◆ WHAT YOU ARE ASKED TO DO ◆
Using the listing below, copy exactly each line from the one that has "3477 Hadfield Greene" through the one that has "TÚI ĐEO CHÉO"; omit the pictures.

◆ EXCERPTED RECORDS ◆
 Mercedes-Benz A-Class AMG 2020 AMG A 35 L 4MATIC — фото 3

==

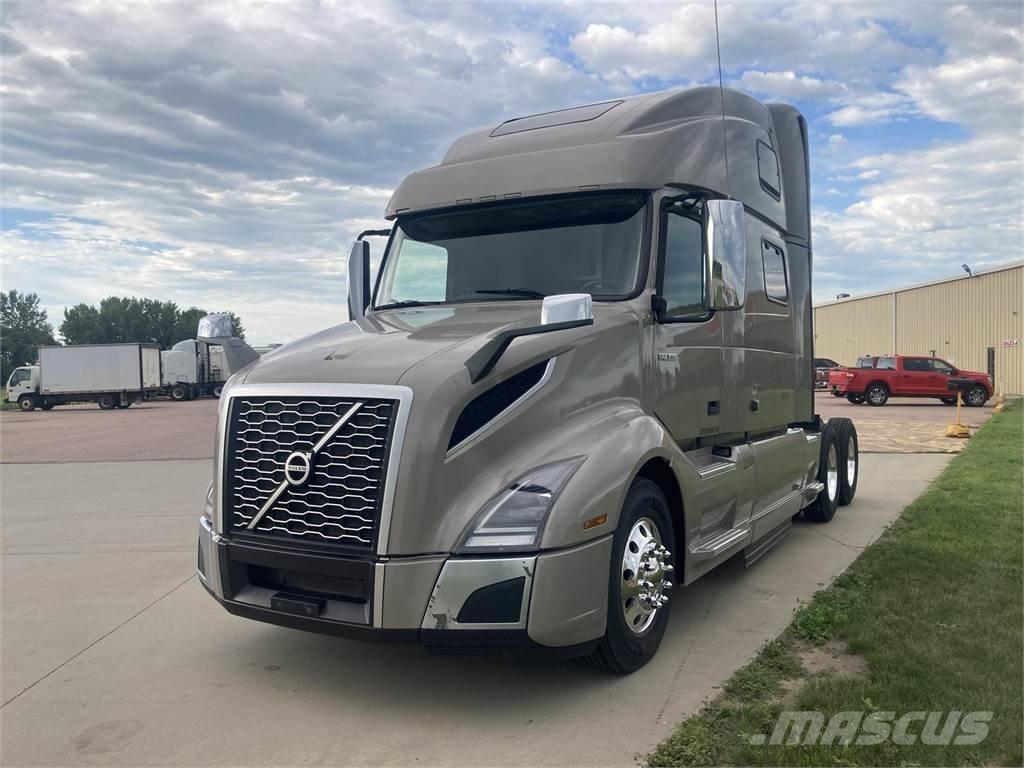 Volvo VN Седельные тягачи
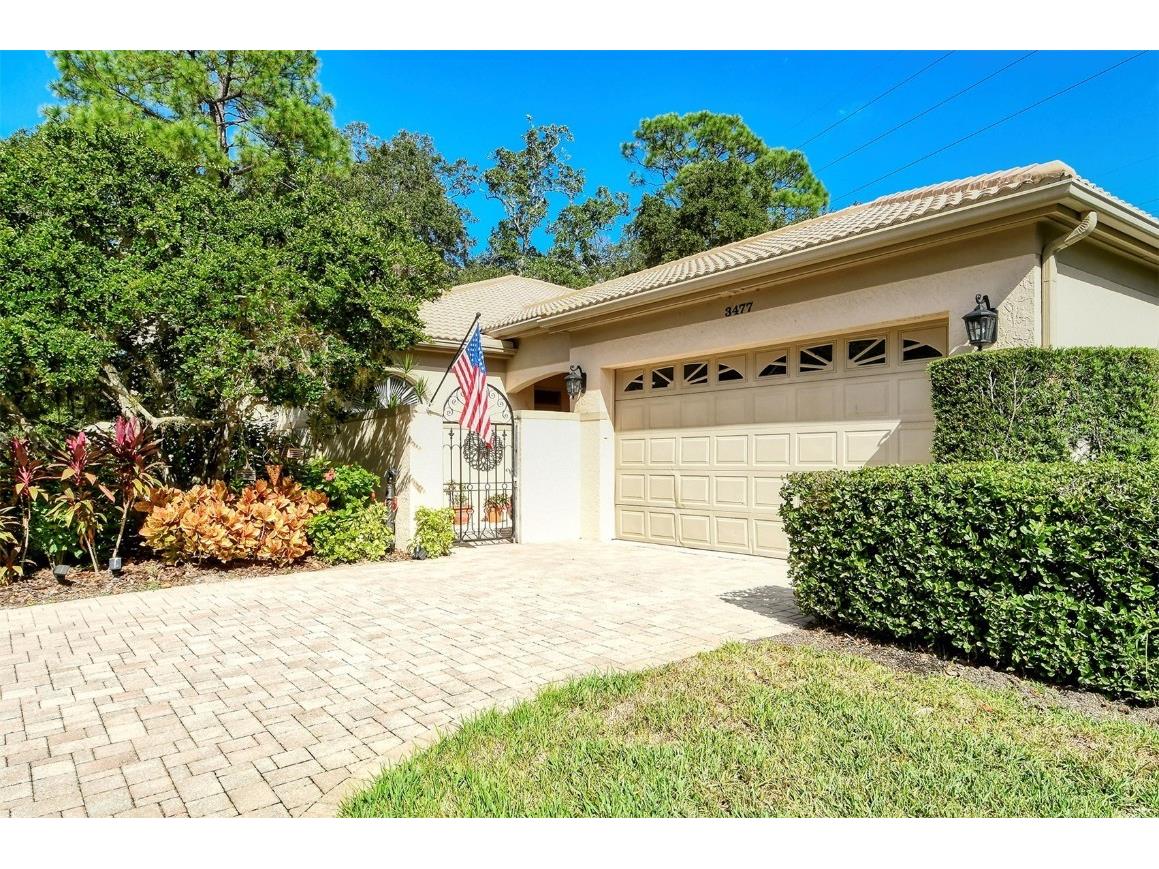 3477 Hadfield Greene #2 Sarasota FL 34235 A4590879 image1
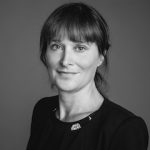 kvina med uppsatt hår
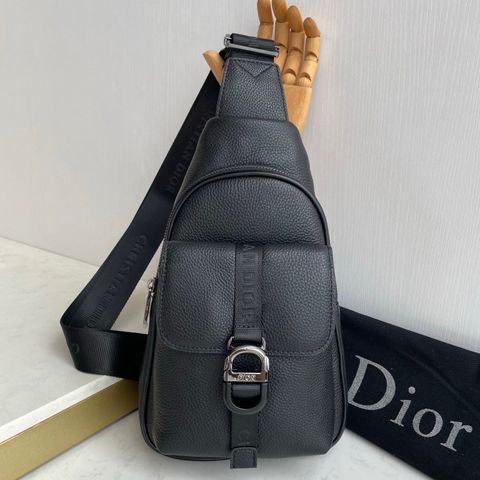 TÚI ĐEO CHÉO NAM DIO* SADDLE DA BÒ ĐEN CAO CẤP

* * *

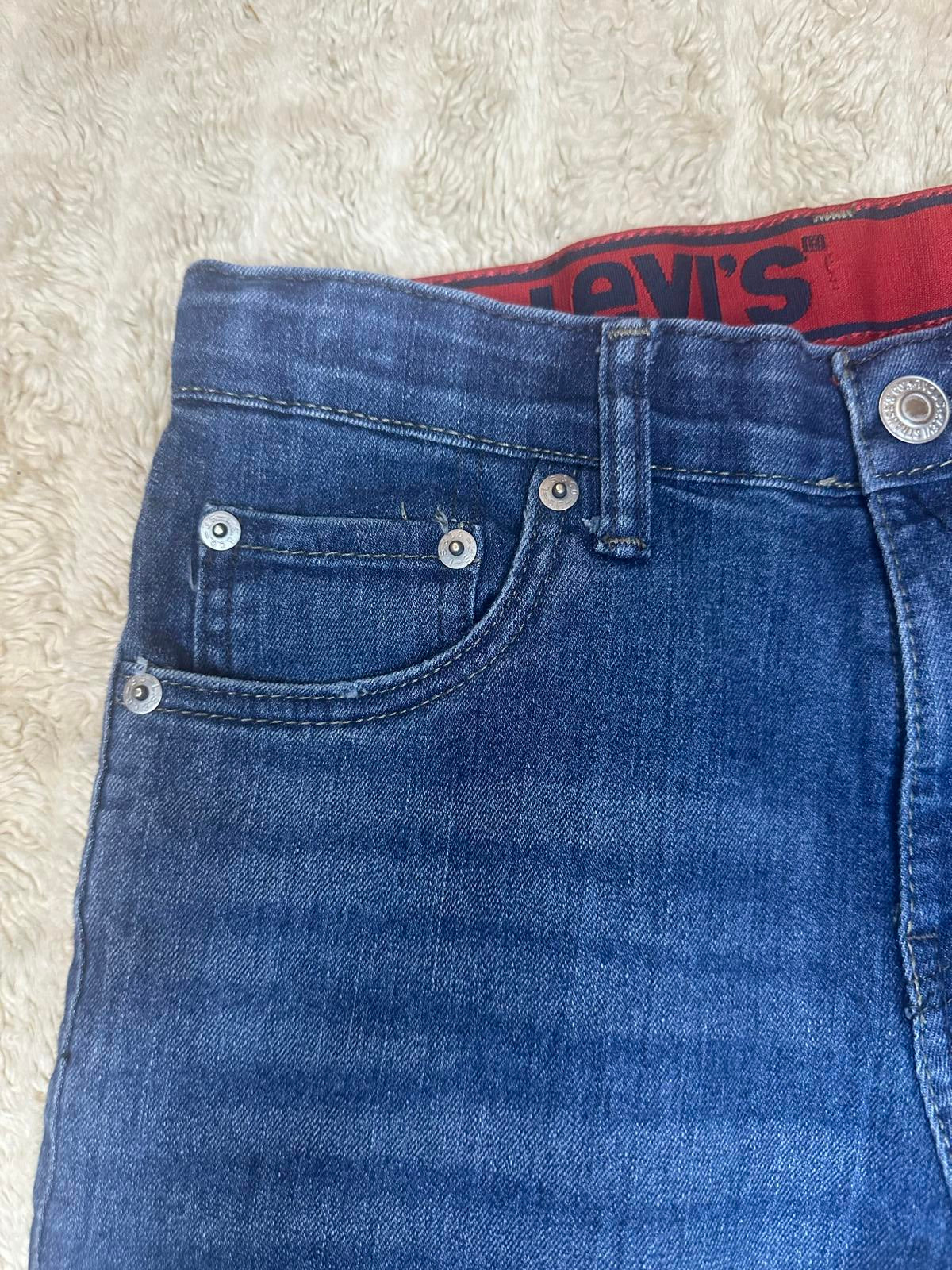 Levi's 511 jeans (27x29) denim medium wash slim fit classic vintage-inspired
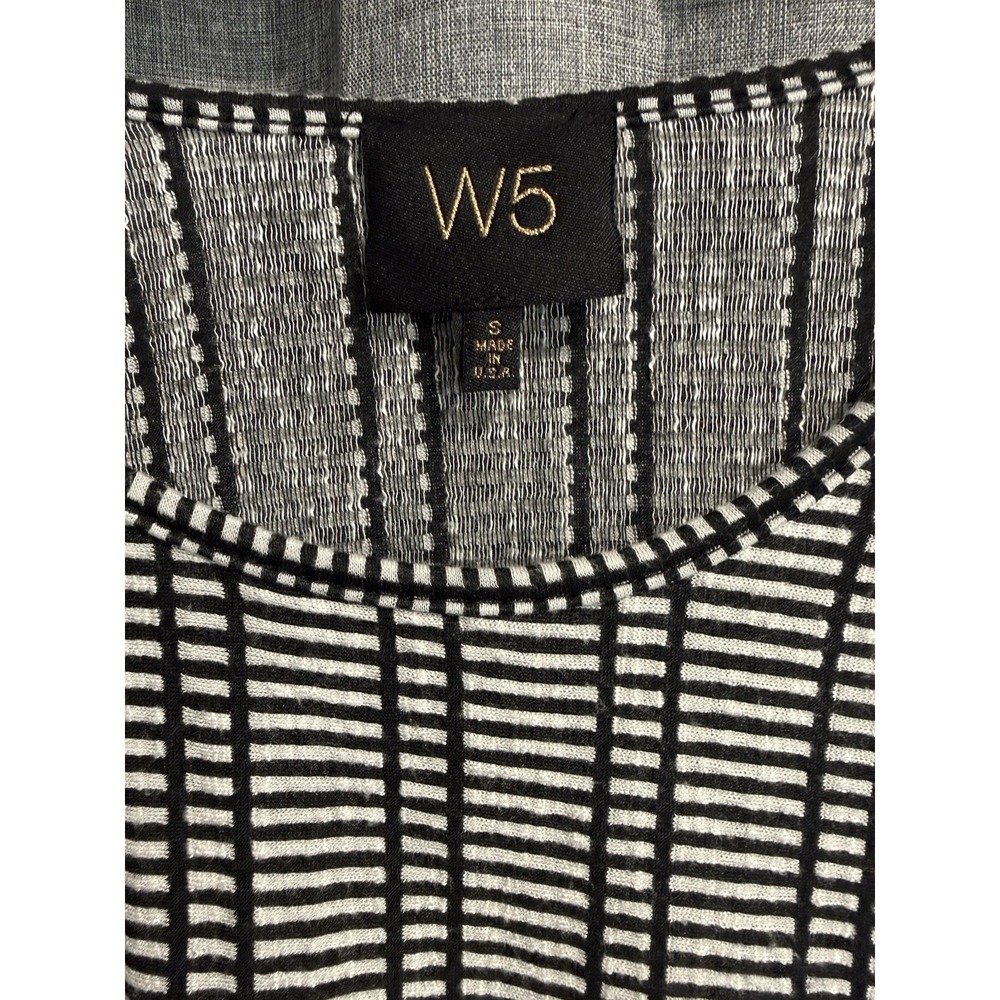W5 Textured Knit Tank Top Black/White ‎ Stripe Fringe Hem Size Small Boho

◆ EXERCISE RESULT ◆
 3477 Hadfield Greene #2 Sarasota FL 34235 A4590879 image1
 kvina med uppsatt hår
 TÚI ĐEO CHÉO NAM DIO* SADDLE DA BÒ ĐEN CAO CẤP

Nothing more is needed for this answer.